EXERCISE PROMPT: Lines to restate from the data below: from the one containing "Weihnachtscocktail Party Happy" to the one containing "vidaXL 棚付きデスク ホワイト 102x45x148cm エンジニアリングウッド", both included. Give them again exactly, and only them.

EXCERPTED DATA:
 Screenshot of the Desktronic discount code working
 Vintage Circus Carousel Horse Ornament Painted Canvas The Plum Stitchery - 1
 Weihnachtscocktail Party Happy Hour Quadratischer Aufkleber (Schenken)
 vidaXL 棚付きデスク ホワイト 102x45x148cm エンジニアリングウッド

* * *

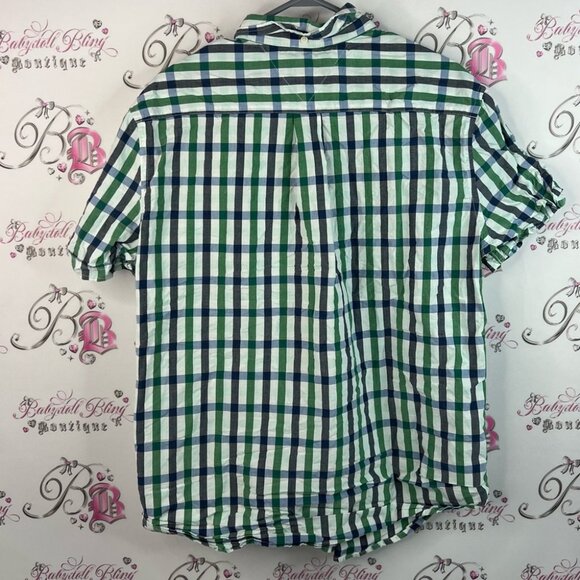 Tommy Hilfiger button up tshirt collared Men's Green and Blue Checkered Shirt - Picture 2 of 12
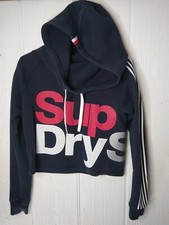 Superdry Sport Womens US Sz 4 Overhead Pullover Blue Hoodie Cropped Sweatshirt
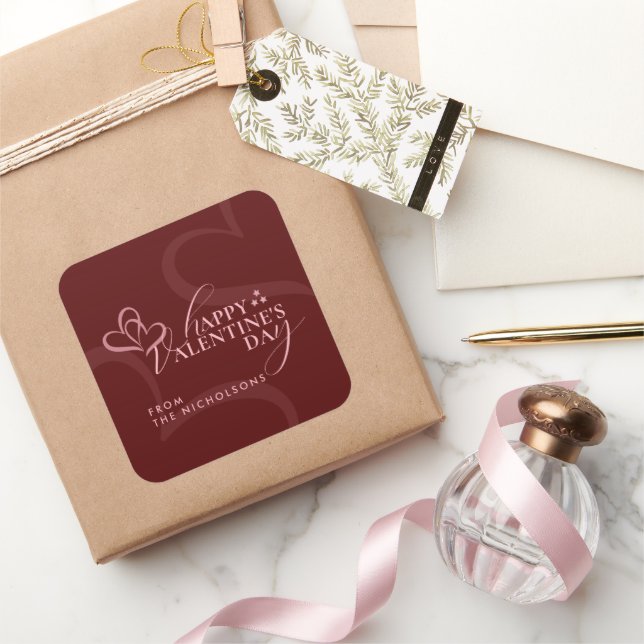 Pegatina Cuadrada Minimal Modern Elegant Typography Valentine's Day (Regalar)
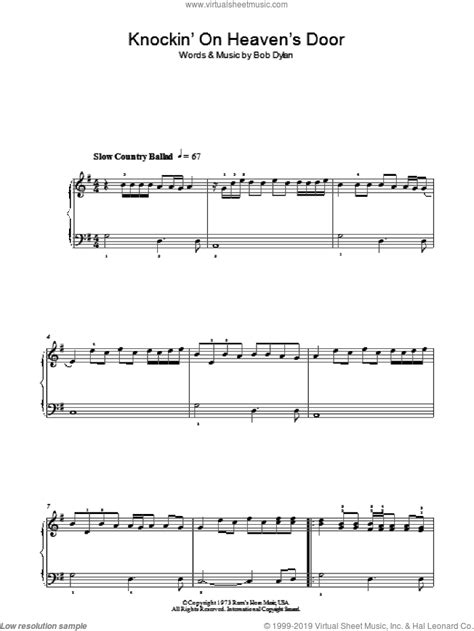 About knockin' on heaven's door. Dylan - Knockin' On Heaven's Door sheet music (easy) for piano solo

SOLUTION:
 Weihnachtscocktail Party Happy Hour Quadratischer Aufkleber (Schenken)
 vidaXL 棚付きデスク ホワイト 102x45x148cm エンジニアリングウッド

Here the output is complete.